The weapons shipments to Arbil, capital of Iraqi Kurdistan, come as Kurdish fighters struggle to stem advances by militants from the Islamic State, an al Qaeda offshoot.

U.S. government sources said the weapons were supplied by the Central Intelligence Agency but that the Department of Defense may soon start arming the Kurdish fighters, who regained control of two strategic towns in northern Iraq on Sunday with help from U.S. airstrikes.

Weapons have also been shipped in three deliveries from the Iraqi government in Baghdad to Arbil, consisting mostly of AK-47 assault rifles and ammunition, the U.S. officials said, declining to specify when they began.

Reuters reported on Friday that the Iraqi government had sent a first, unprecedented shipment of ammunition to Arbil.

Until recently, officials have said they were previously reluctant to give arms directly to the Kurds because of a desire to see Iraq remain a unified state and a hesitancy to do anything that might bolster Kurdish ambitions for autonomy.

President Barack Obama has faced growing criticism for being reluctant or too slow to intervene in thorny foreign policy issues which have piled up under his watch, including the dramatic rise of the Islamic State, which has seized control of large swathes of land in the north and west of Iraq.

A senior defense official acknowledged the U.S. was providing arms and ammunition needed by the Kurds but said it was not coming from the Department of Defense. Officials said the Pentagon was having discussions about how to increase its military support to the Kurds and could soon approve a decision to directly supply weapons.

The State Department said the government was “working” to provide arms directly to the Kurds, saying they needed them badly and the United States was doing what it could to accelerate deliveries.

“The government of Iraq has made deliveries from its own stocks to the Kurds and we are working to do the same in coordination with all the relevant parties,” State Department spokeswoman Marie Harf told reporters.

“The Kurds need additional arms.

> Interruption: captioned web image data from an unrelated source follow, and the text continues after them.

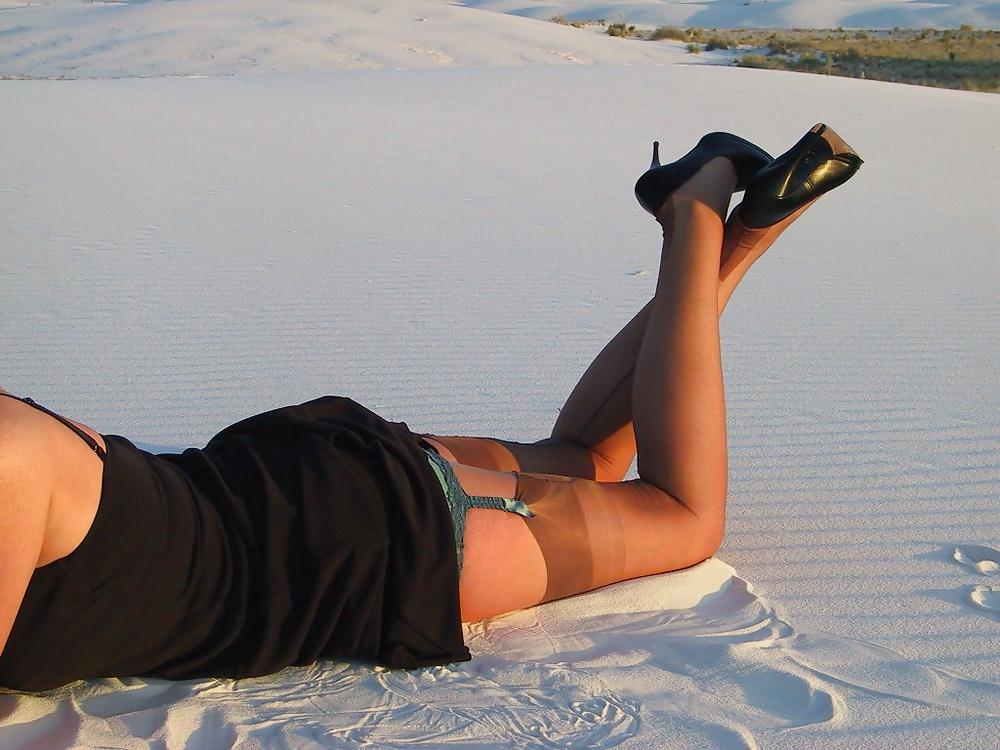 25P Amateur lady fetchingly models nylons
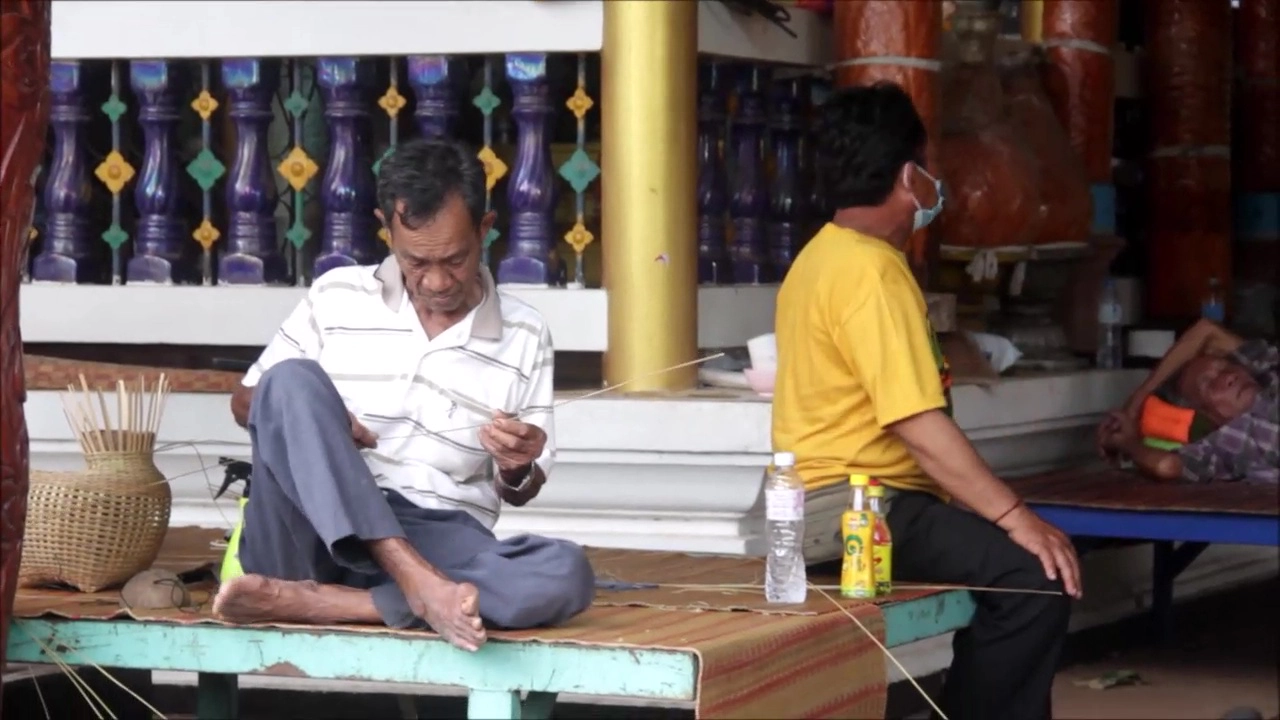 อุดรหลอนภาพผีปอบ ผวาปอบคืนชีพ หลังชาวบ้านเสียชีวิตแล้ว 5 ศพ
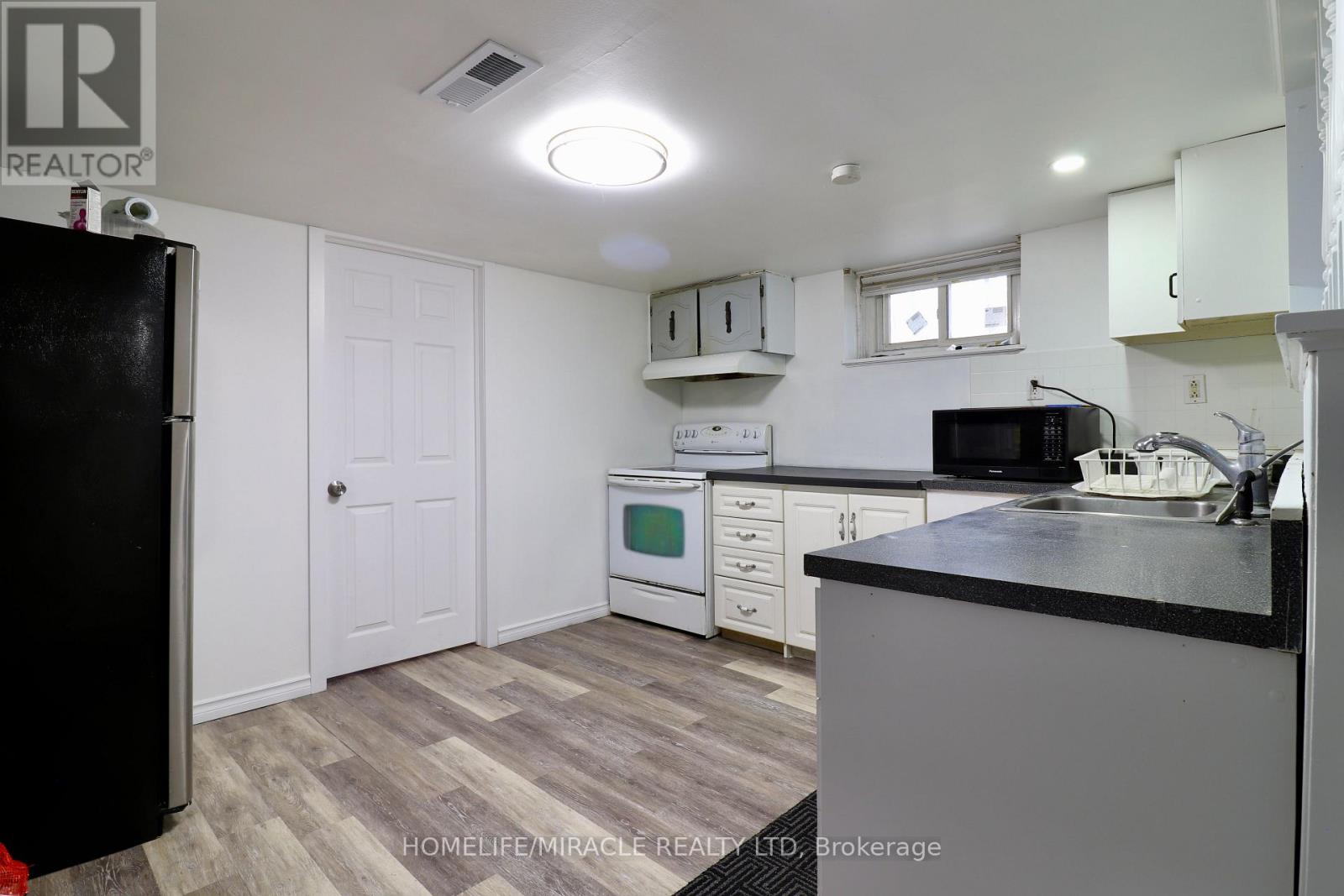 80 ROSEVIEW AVENUE - 34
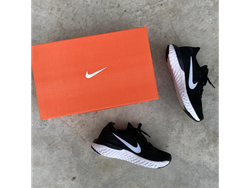 Nike react (blanco/negro)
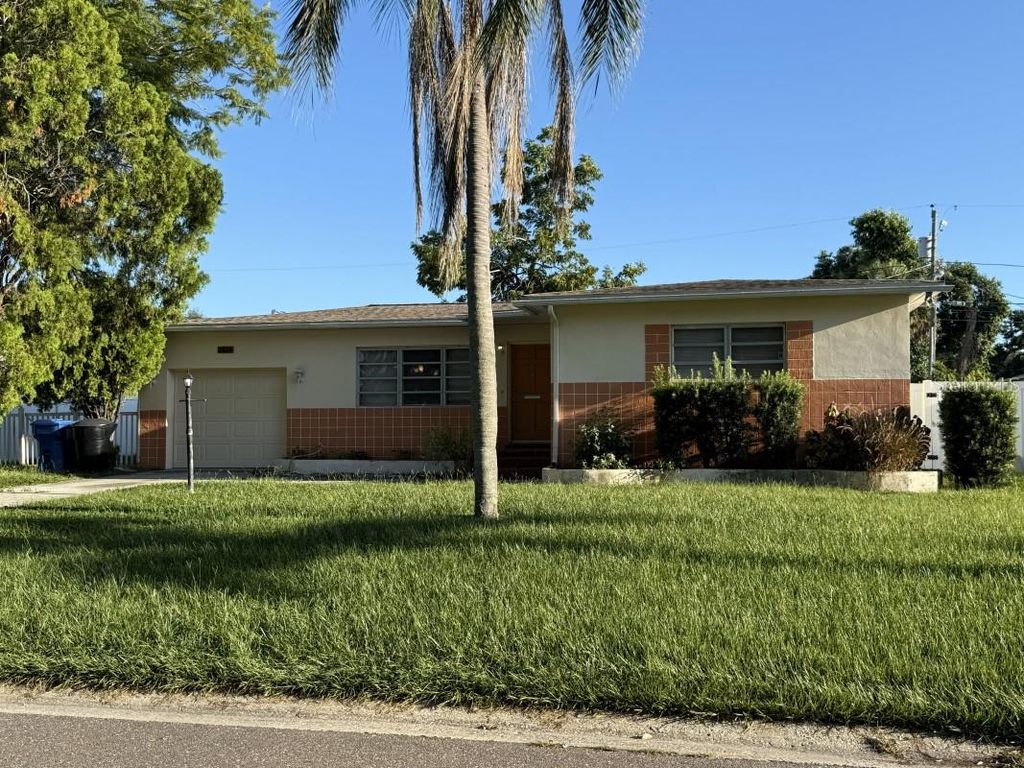3676 ABINGTON AVENUE S, St Petersburg, FL 33711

We are providing those.”

Just last week Washington launched its first military action in Iraq since pulling its troops out in 2011. U.S. warplanes bombed Sunni insurgents from the Islamic State, who have marched through northern and western Iraq since June.

Washington says it is taking limited action to protect the Kurdish autonomous region and prevent what Obama called a potential “genocide” of religious minorities targeted by the militants.

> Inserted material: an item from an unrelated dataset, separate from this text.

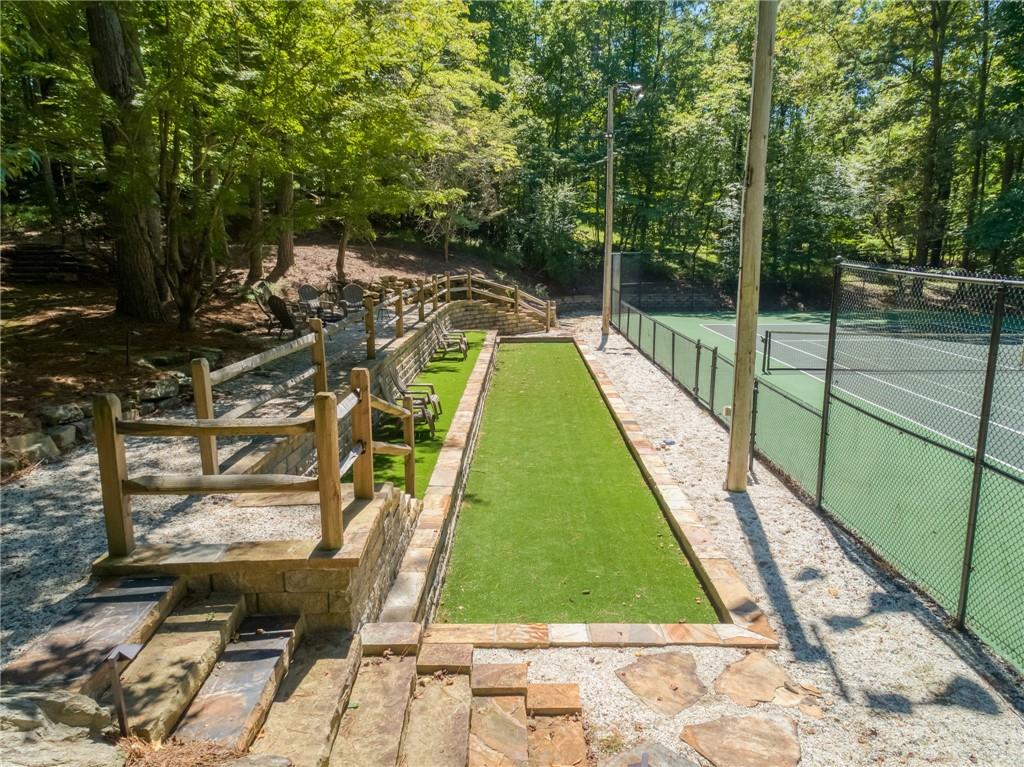 1638 Little Willeo Road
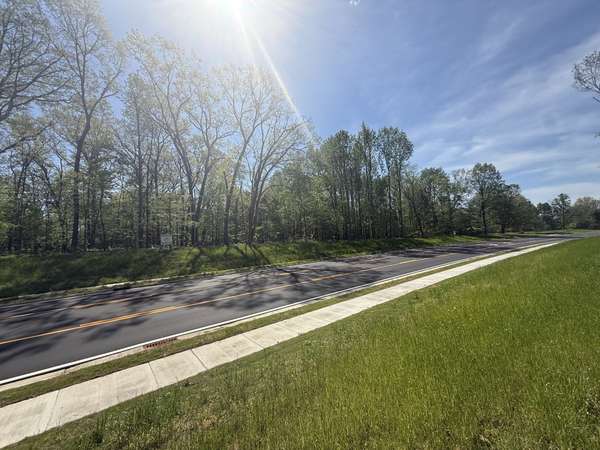 0 Dunbar Cave Rd, Clarksville, TN 37043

The militants made new gains against Kurdish forces despite three days of airstrikes, while Baghdad, long braced for the Sunni fighters to attack, was now tensing for possible clashes between forces loyal to Prime Minister Nuri al-Maliki and those of his rivals after Iraq’s president named a new prime minister on Monday.

Obama says a more inclusive government in Baghdad is a precondition for more aggressive military support against the Islamic State. He has rejected calls in some quarters for a return of ground troops, apart from several hundred military advisers sent in June.

The Islamic State, which sees Shi’ites as heretics who deserve to be killed, has ruthlessly moved through one town after another, using tanks and heavy weapons it seized from soldiers who have fled in their thousands.

On Monday, police said the militants had seized the town of Jalawla, 70 miles northeast of Baghdad, after driving out the Kurds’ Peshmerga forces.

Washington and its European allies are considering requests for more direct military aid from the Kurds, who have themselves differed with Maliki over the division of oil resources and who took advantage of the Islamists’ advance to expand their territory.